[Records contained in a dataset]
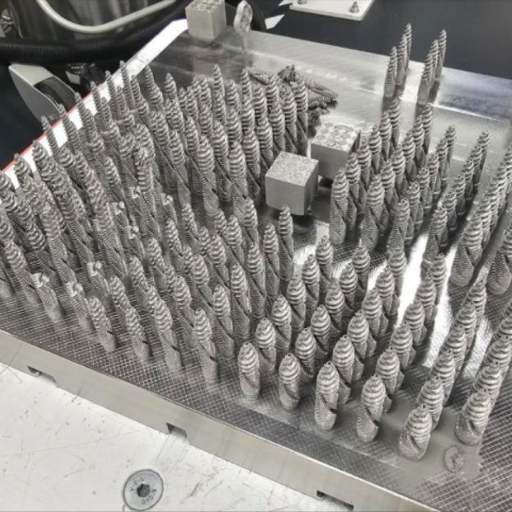 Electron Beam Melting (EBM) 3D Printing
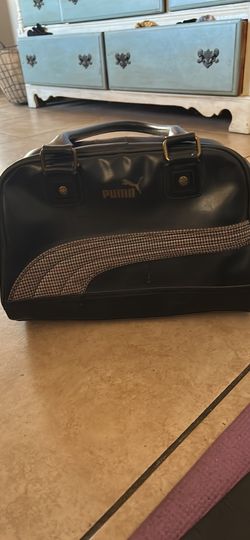 Retro Puma Bag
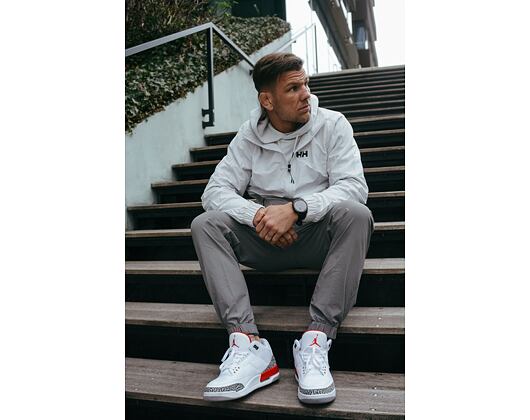 Bunda Helly Hansen Move QD Jacket 823 Nimbus Cloud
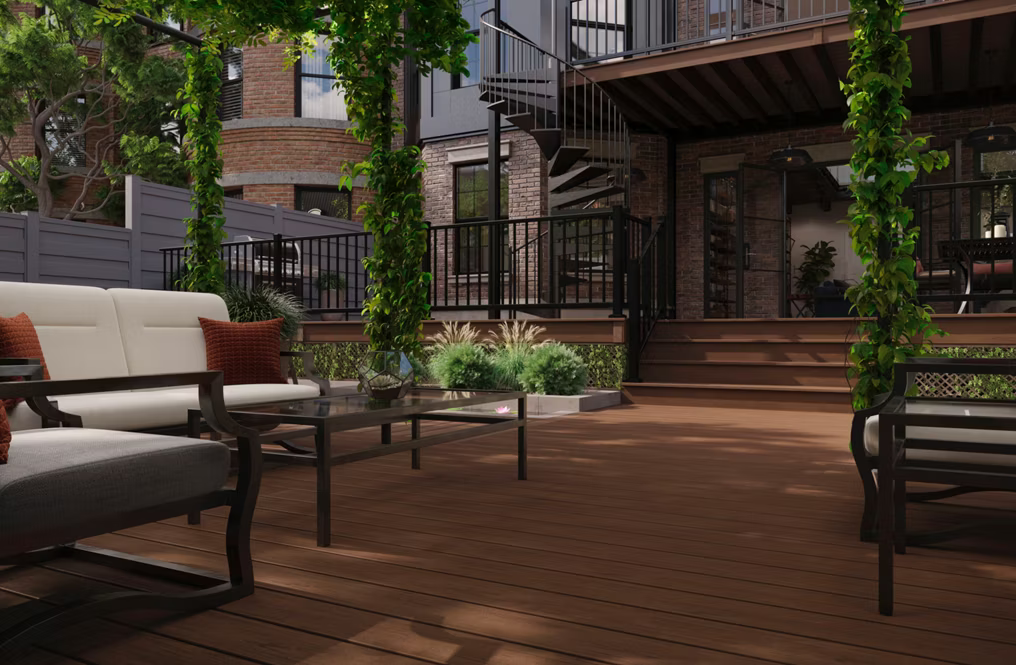 Trex Whiskey Barrel 1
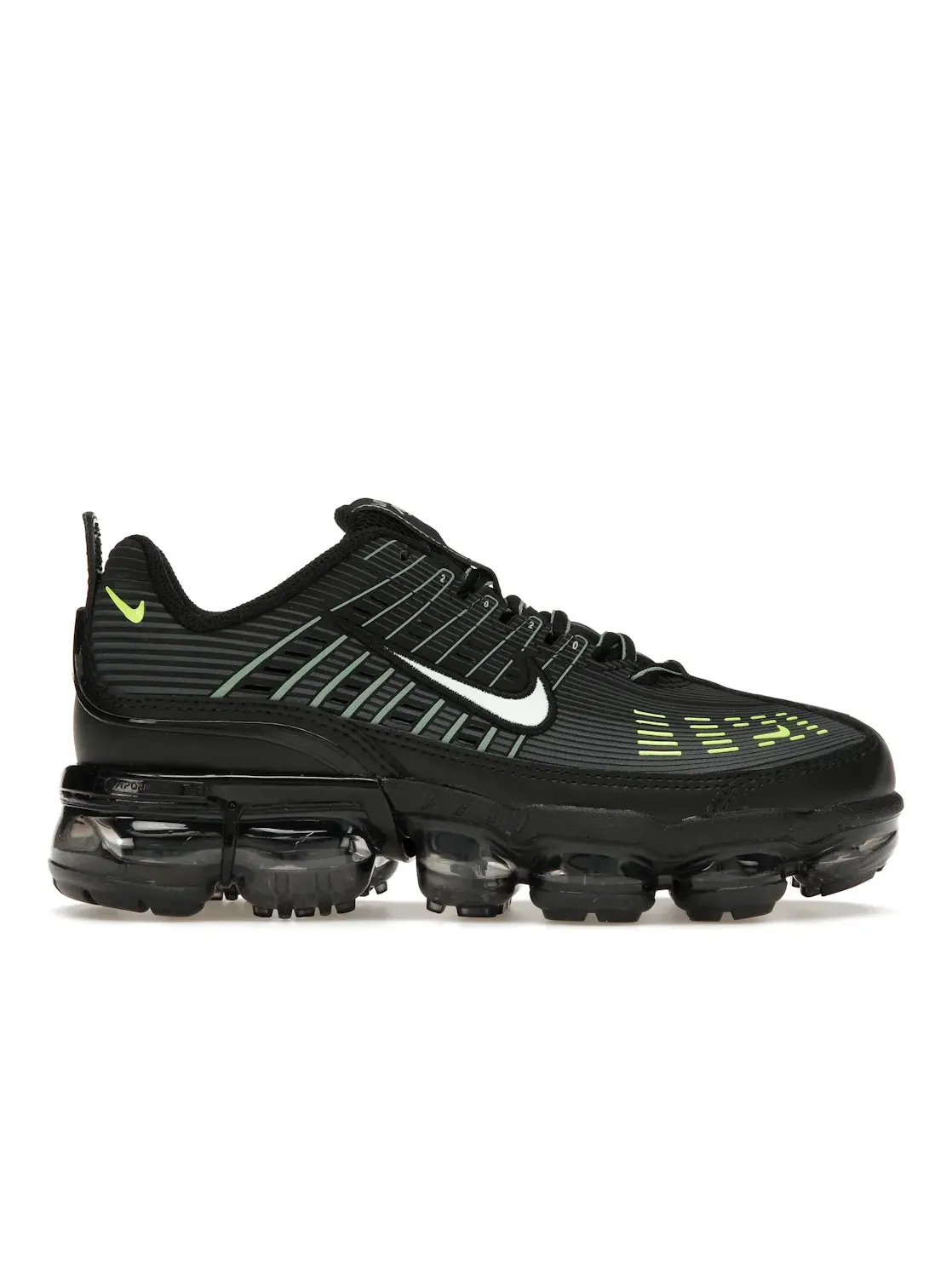 Мужские кроссовки Lifestyle Nike Air VaporMax 360 Nike — изображение 1 из 4, черный//серый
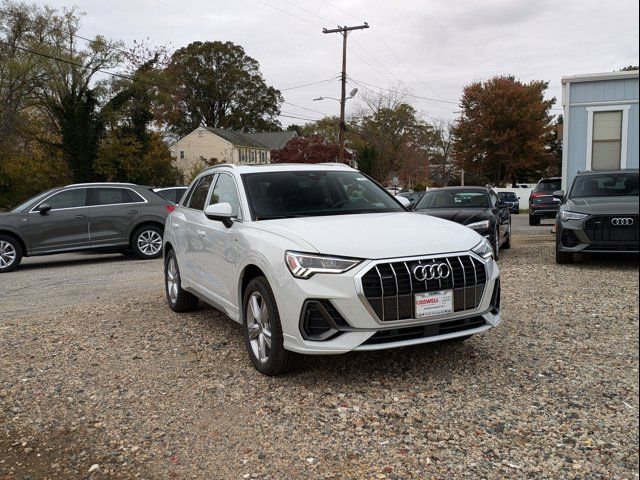 2024 Audi Q3 S Line Premium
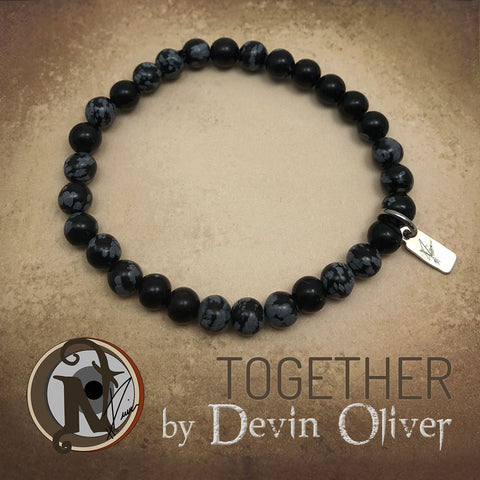 Devin Oliver NTIO Together Bracelet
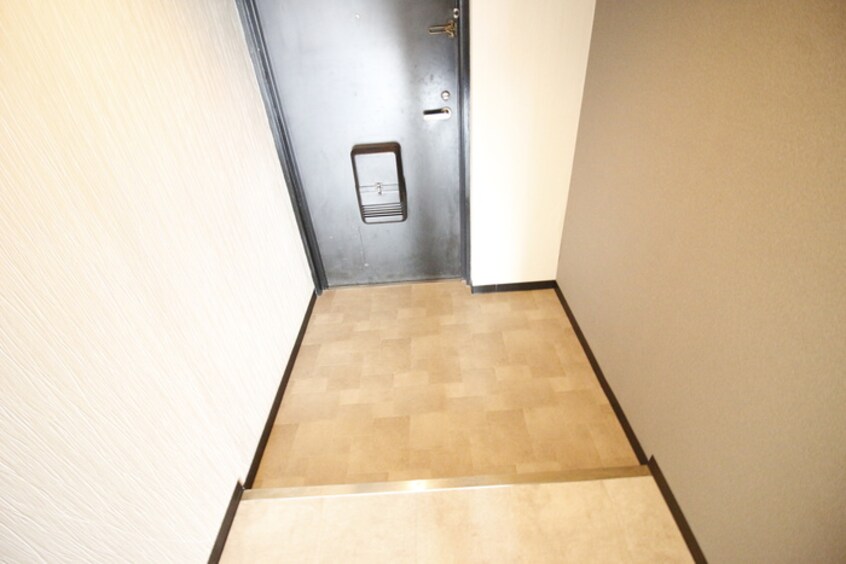 玄関 シャトレンうぐいす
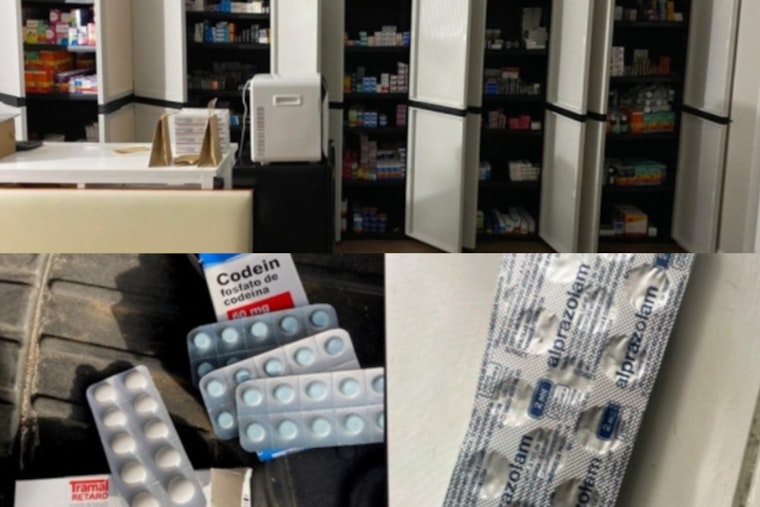 Four Brazilian Nationals Arrested for Allegedly Operating Illegal Prescription Drug Ring in Framingham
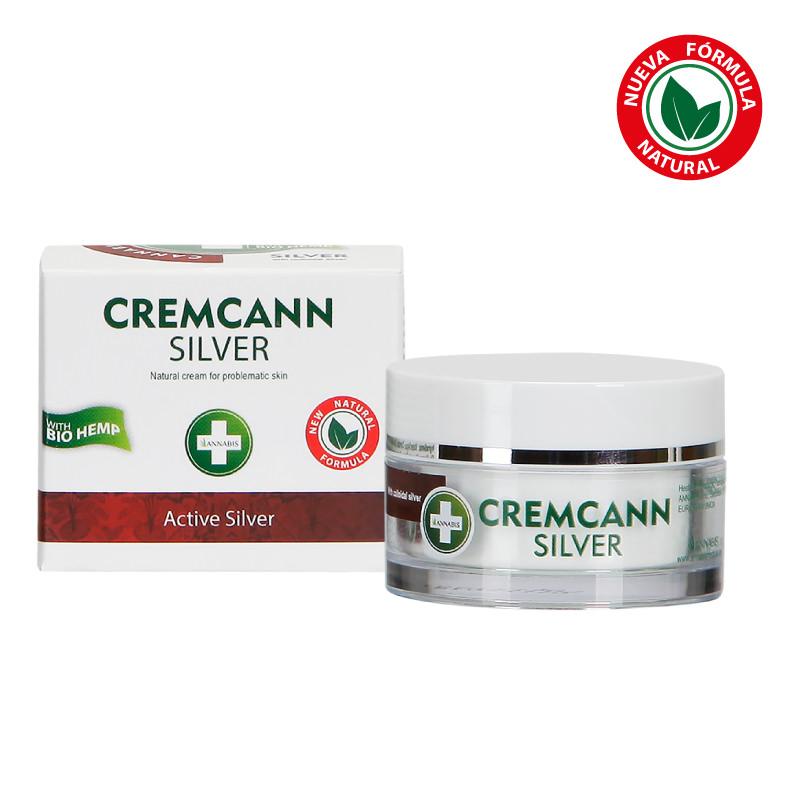 Annabis Cremcann Silver 15ml - Imagen 1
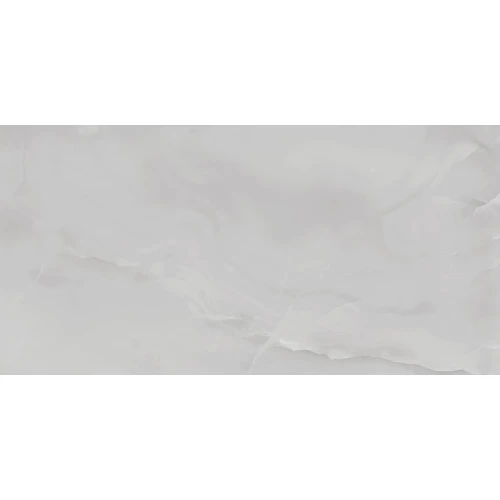 Керамогранит Laparet Onyx Silk Grey сатинированный светло-серый 120х60 см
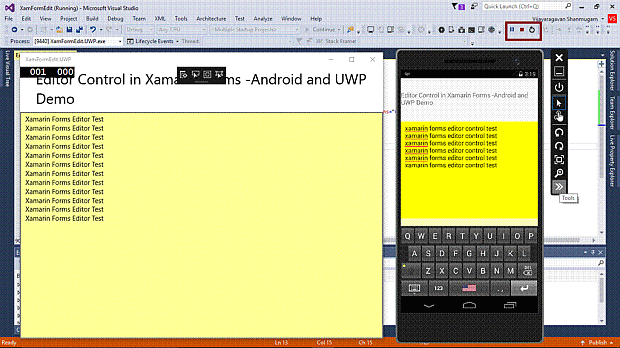 Xamarin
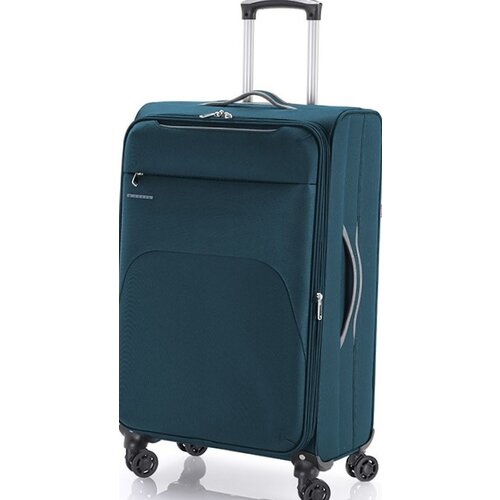 Gabol Putni kofer Zambia srednji 41x69x26 cm petrolej Cene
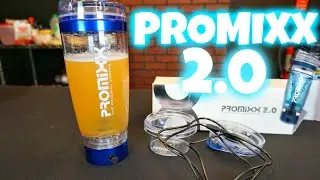 PROMIXX 2.0 REVIEW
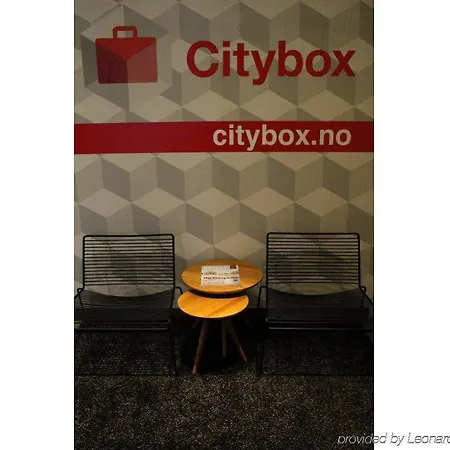 Hotel Citybox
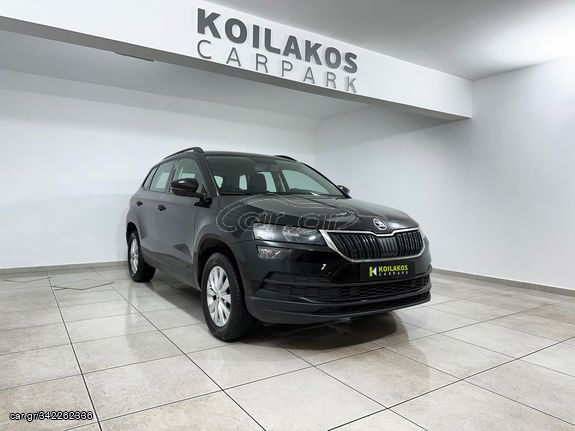 Skoda Karoq '20  1.6 TDI Ambition 116hp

:: WHAT TO PRODUCE ::
Although the records above contain pictures, only their text is to be repeated, exactly as given.

:: RESULT FOR THIS TASK ::
 Electron Beam Melting (EBM) 3D Printing
 Retro Puma Bag
 Bunda Helly Hansen Move QD Jacket 823 Nimbus Cloud
 Trex Whiskey Barrel 1
 Мужские кроссовки Lifestyle Nike Air VaporMax 360 Nike — изображение 1 из 4, черный//серый
 2024 Audi Q3 S Line Premium
 Devin Oliver NTIO Together Bracelet
 玄関 シャトレンうぐいす
 Four Brazilian Nationals Arrested for Allegedly Operating Illegal Prescription Drug Ring in Framingham
 Annabis Cremcann Silver 15ml - Imagen 1
 Керамогранит Laparet Onyx Silk Grey сатинированный светло-серый 120х60 см
 Xamarin
 Gabol Putni kofer Zambia srednji 41x69x26 cm petrolej Cene
 PROMIXX 2.0 REVIEW
 Hotel Citybox
 Skoda Karoq '20  1.6 TDI Ambition 116hp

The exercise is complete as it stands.